Collected data

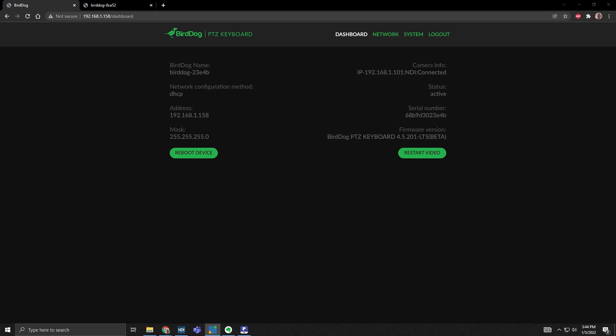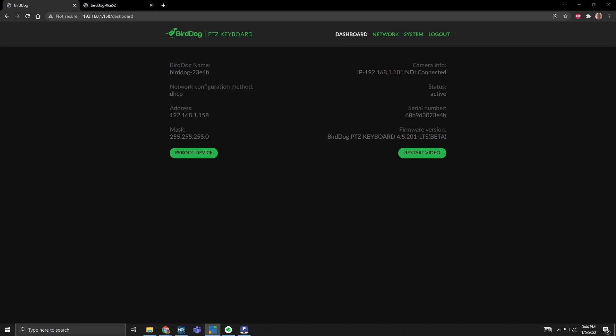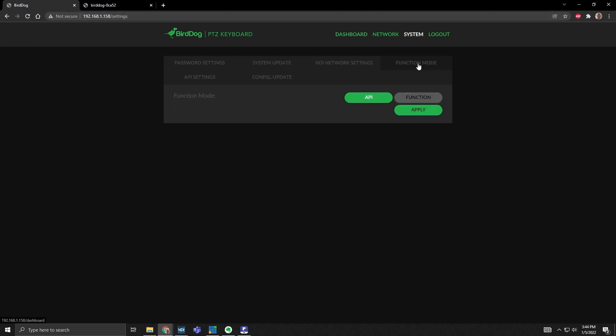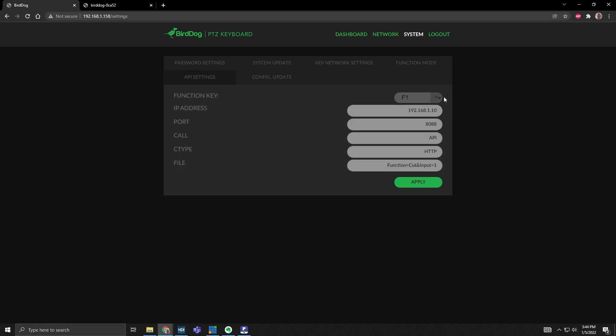If I press F3, I'll flip over to my computer screen, and this is the web GUI login of the PTZ keyboard. If I go up to System, Function Mode, API, then API Settings, this is where I can assign the six function keys to different API commands.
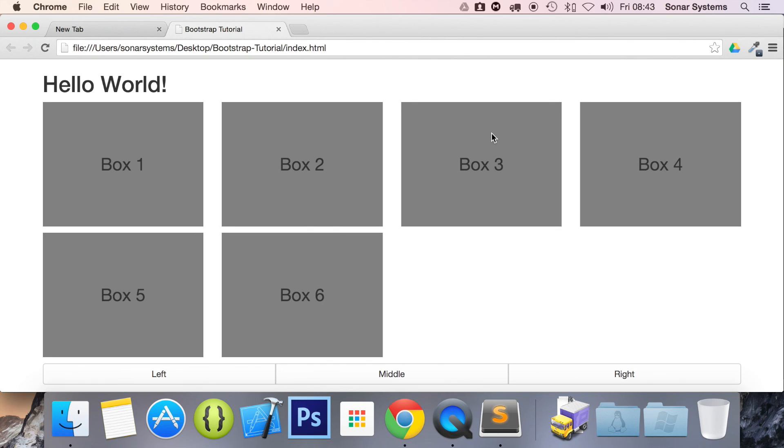All the required links or source code will be in the description. To check out hundreds of more videos like this one for free, visit sonarlearning.co.uk. And as usual, thank you for watching and I hope you have a great day.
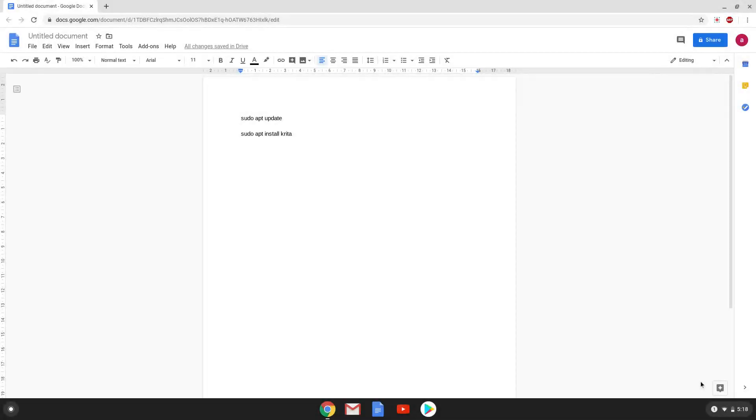Hello. Today we are looking at how to install Krita on a Chromebook. Firstly we will turn on the Linux apps on our Chromebook.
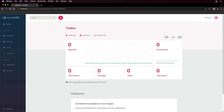You can also see data that is aggregated and updated every 15 minutes on the project homepage, where you can choose to show different views across different data in your AppRite instance, such as documents, storage, number of users, and number of functions that have been requested.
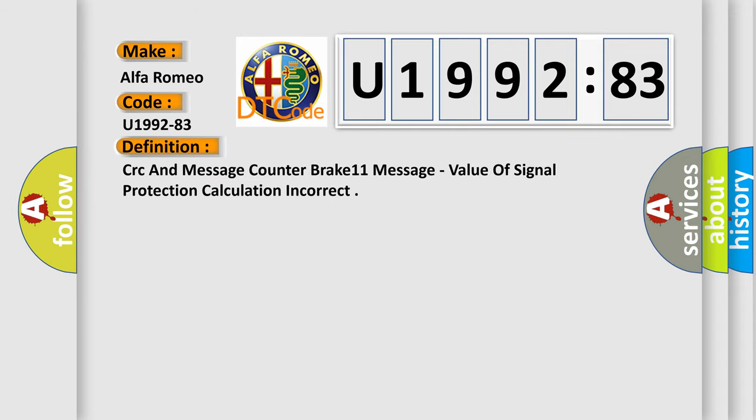The basic definition is: CRC and message counter break 11 message, value of signal protection calculation incorrect.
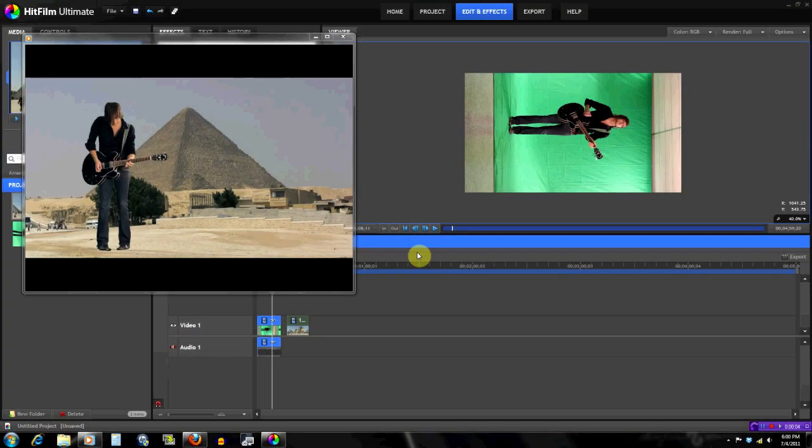Hey everyone, my name is Rodolf and welcome to another HitFilm tutorial. I saw a comment on YouTube asking how to do green screen stuff in HitFilm, so I thought I could make a tutorial about that.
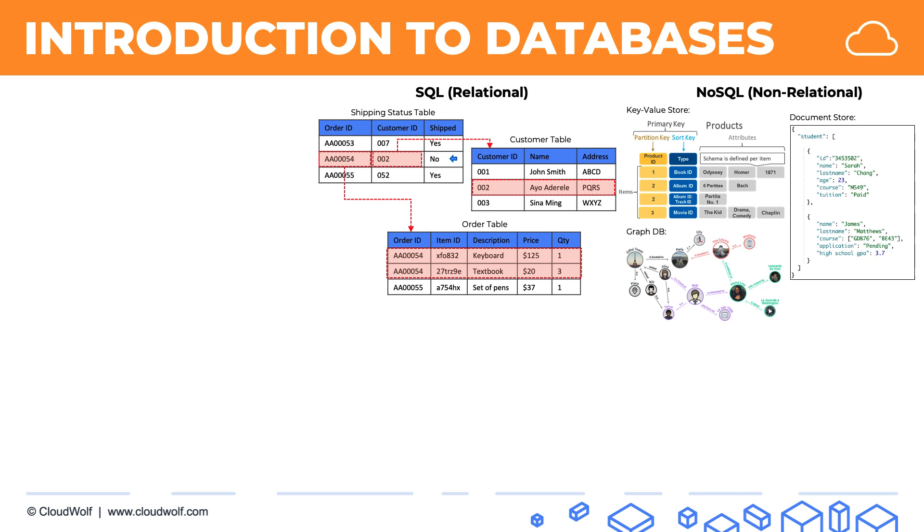Another thing to know about Amazon databases is that there's three main ways that you can set up a database in Amazon. First way, we'll call it Do It Yourself or DIY.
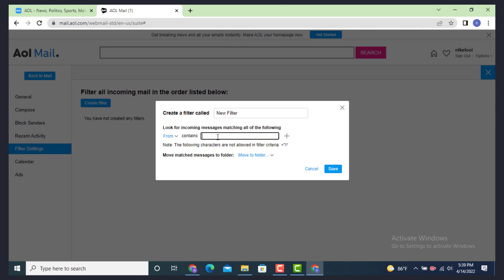Now you need to enter an email address, the one that you don't want to receive an update on email from. You can enter more than one email address in order to block.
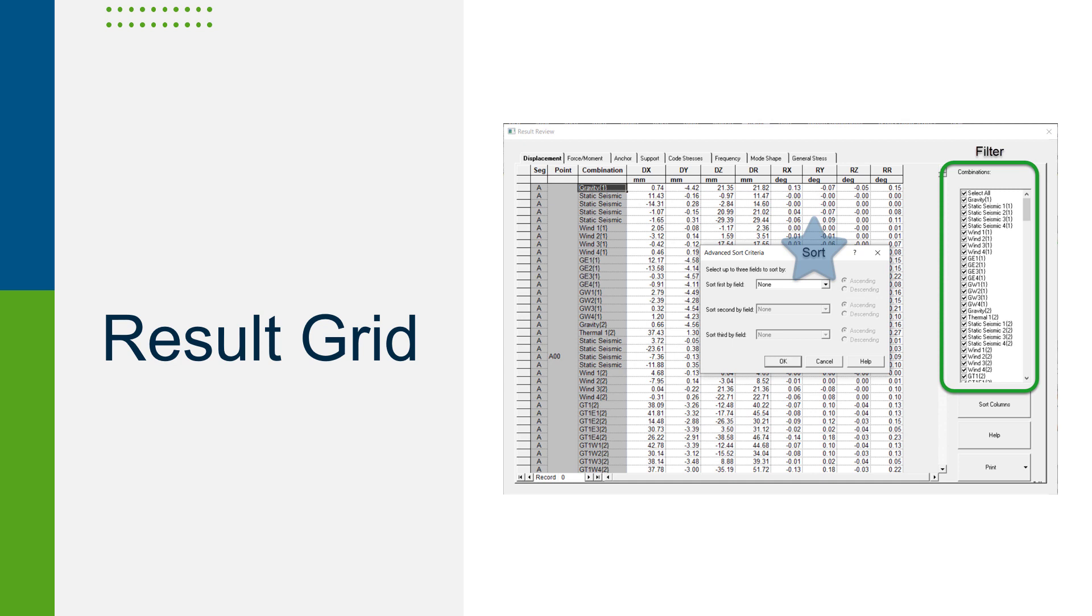AutoPIPE also has a result grid option to review results, which is a supplement to the interactive review because it's in sync with the piping model. So if you select a row in this grid, the program will also automatically select that point, support, or component in the model so that you know what area of the piping model you're reviewing in the grid.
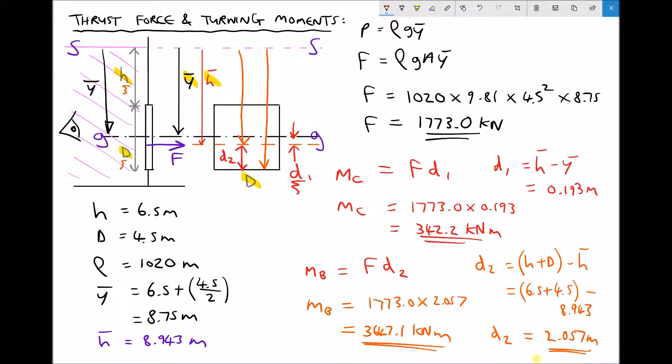So to summarize, we've determined the turning moment caused by the thrust force about the centroid. In the next video we're going to repeat all of these steps except we're going to be using a circular submerged surface.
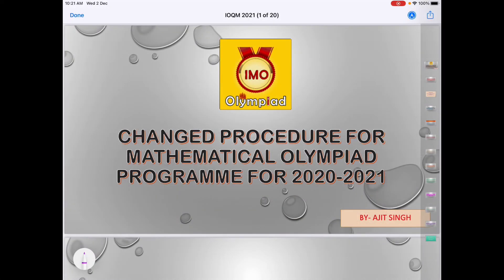Hello students, in this video we will discuss about the change procedure for Mathematical Olympiad program for the year 2020-2021. So without wasting our time, let's start.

## WORK INSTRUCTION
Repeat the entries verbatim; no pictures.

## RESPONSE AREA
If I press F3, I'll flip over to my computer screen, and this is the web GUI login of the PTZ keyboard. If I go up to System, Function Mode, API, then API Settings, this is where I can assign the six function keys to different API commands.
All the required links or source code will be in the description. To check out hundreds of more videos like this one for free, visit sonarlearning.co.uk. And as usual, thank you for watching and I hope you have a great day.
Hello. Today we are looking at how to install Krita on a Chromebook. Firstly we will turn on the Linux apps on our Chromebook.
You can also see data that is aggregated and updated every 15 minutes on the project homepage, where you can choose to show different views across different data in your AppRite instance, such as documents, storage, number of users, and number of functions that have been requested.
The basic definition is: CRC and message counter break 11 message, value of signal protection calculation incorrect.
Hey everyone, my name is Rodolf and welcome to another HitFilm tutorial. I saw a comment on YouTube asking how to do green screen stuff in HitFilm, so I thought I could make a tutorial about that.
Another thing to know about Amazon databases is that there's three main ways that you can set up a database in Amazon. First way, we'll call it Do It Yourself or DIY.
Now you need to enter an email address, the one that you don't want to receive an update on email from. You can enter more than one email address in order to block.
AutoPIPE also has a result grid option to review results, which is a supplement to the interactive review because it's in sync with the piping model. So if you select a row in this grid, the program will also automatically select that point, support, or component in the model so that you know what area of the piping model you're reviewing in the grid.
So to summarize, we've determined the turning moment caused by the thrust force about the centroid. In the next video we're going to repeat all of these steps except we're going to be using a circular submerged surface.
Hello students, in this video we will discuss about the change procedure for Mathematical Olympiad program for the year 2020-2021. So without wasting our time, let's start.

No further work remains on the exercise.